Her ability to see the "big picture" and draw out common principles from various philosophies was her particular genius.

Highlights

* Humility is Necessary to Education - pride of knowledge closes the door to further instruction. Humility keeps us teachable. It is an intellectual virtue as well as a spiritual virtue. At the time I was reading these thoughts on humility, I came across John Ruskin's observation on Lilias Trotter related in the book, A Passion for the Impossible:

...she had a teachable spirit, that mark of humility often missing in the very talented. "Not seeing or feeling the power that is in you is one of the most sure and precious signs of it," he writes, "and that tractability is another. All second-rate people, however strong, are self-conscious and obstinate."

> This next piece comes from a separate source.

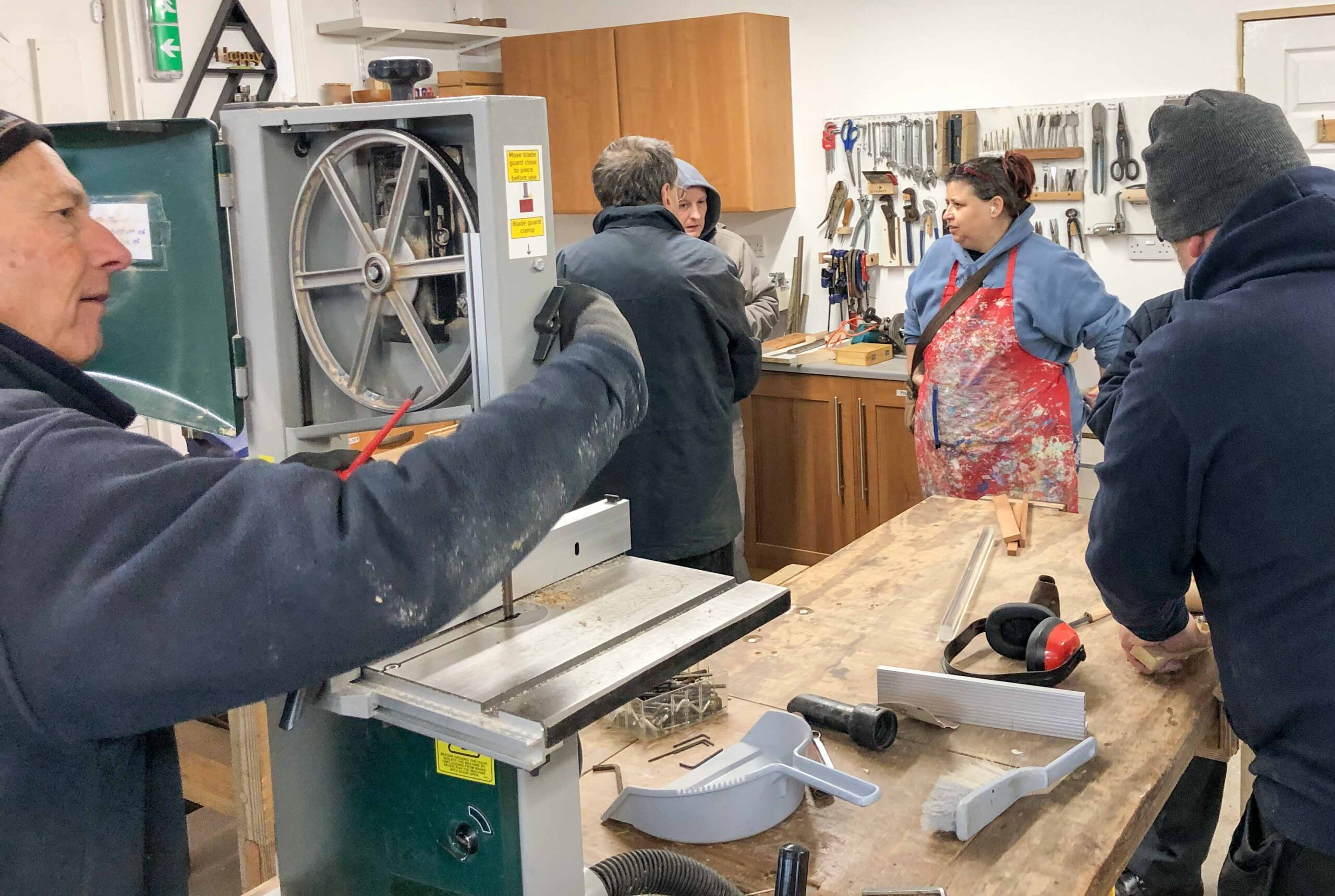 Brian fixing new bandsaw drivebelt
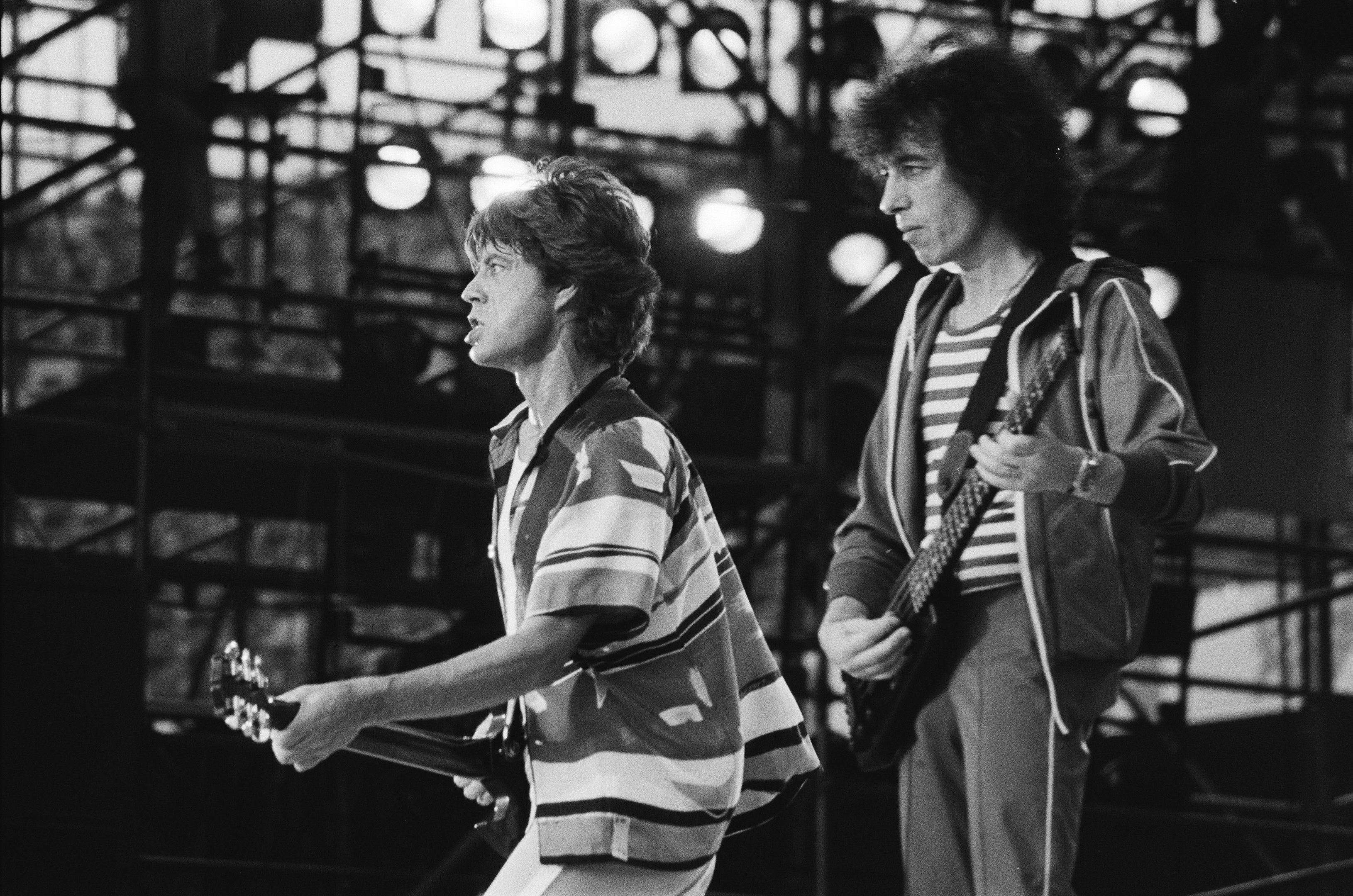 Schwarzes und weißes Foto von Mick Jagger und Brian May bei einem Auftritt auf der Bühne im Hammersmith Odeon, beide spielen Gitarren unter hellen Bühnenlichtern.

* In Chapter 5, Finding the Forest amid the Trees, the synthetic and analytic methods of learning are explored. Synthesis is the word Charlotte Mason used to describe what many of us would know as poetic knowledge. (I've also heard this described as 'analogical.')

Poetic experience indicates an encounter with reality that is nonanalytical, something that is perceived as beautiful, awful (awe-full), spontaneous, mysterious… Poetic knowledge is a spontaneous act of the external and internal senses with the intellect, integrated and whole, rather than an act associated with the powers of analytic reasoning… It is, we might say, knowledge from the inside out..

The Civilized Reader

Analysis should not be our primary approach to knowledge, especially in the early years. Augustine called education the "ordering of the affections," - every object is accorded that kind of degree of love appropriate to it (C.S.Lewis). Synthetic knowledge speaks to the heart, the seat of the affections, and not just the intellect.

*  The synthetic process of narration lays a firm foundation for analytical thinking later. Modern education jumps into the analytical, examining the parts, before it has experienced the whole.

Once the unity of all knowledge is comprehended and many relationships formed, we are able to employ analytical thinking without harming those relationships.


* Grammar, logic, and rhetoric are not subjects to be studied but arts to be practiced and refined in the process of reading, narrating, and writing (synthetic learning). It is possible to learn both grammar and rhetoric through exposure to correct speech and eloquent writers and speakers i.e. the classical practice of mimesis or "imitation."

*  The concept of the trivium as stages of child development can be found only in materials written within the last few decades, but the trivium, properly understood, is applied in every teaching moment at every stage of our learning and growth.

Consider This, besides being an encouraging read for those using a Charlotte Mason approach, is a valuable addition to anyone interested in a classical model of education. For those who think that Charlotte Mason works well in the younger years but isn't suitable for older students, or that your child doesn't have the intellect for a classical education, this book will be a breath of fresh air. If  home education has lost its joy and you feel you're in a 'classical grind,' Consider This just might be the tonic you need.


7 comments:

Unknown said...

Loved this review, Carol! I enjoyed this title also. :) I like the way you defined poetic knowledge from your reading...I confess, I'm still trying to wrap my brain around many of these things. :)

Carol said...

Amy, Re wrapping your brain around these things - when I'm in the middle of reading & writing about such things, I feel I've got a grip on them but I always find it so difficult to articulate them at other times!

Alison said...

I've got Consider This on my list of books to read! It seems to me that the more I understand about education, and classical education in particular, the more I realize that I've barely scratched the surface.

Carol said...

Yes! Many of us didn't have the education we want to give our children so we're starting at page one.

Amy Maze said...

I definitely have to read this book! I love the shift in thinking that has come to classical education over the past few years. I have been thinking about virtue so much lately and how it ties into education. I am so glad that so many of these great thinkers/learners have figured out that classical education is about so much more than the 'stages' of the trivium and how it and Charlotte Mason fit together so well. I know that I am enjoying learning about it! Thanks for sharing about this book!

Carol said...

Thanks, Amy!

Heather said...

I've loaned my copy to a very good friend who has little children yet, but this is one of those books that I kind of always want to have my copy close by. I need a 'loaner copy'. :)
Your highlights covered the book well.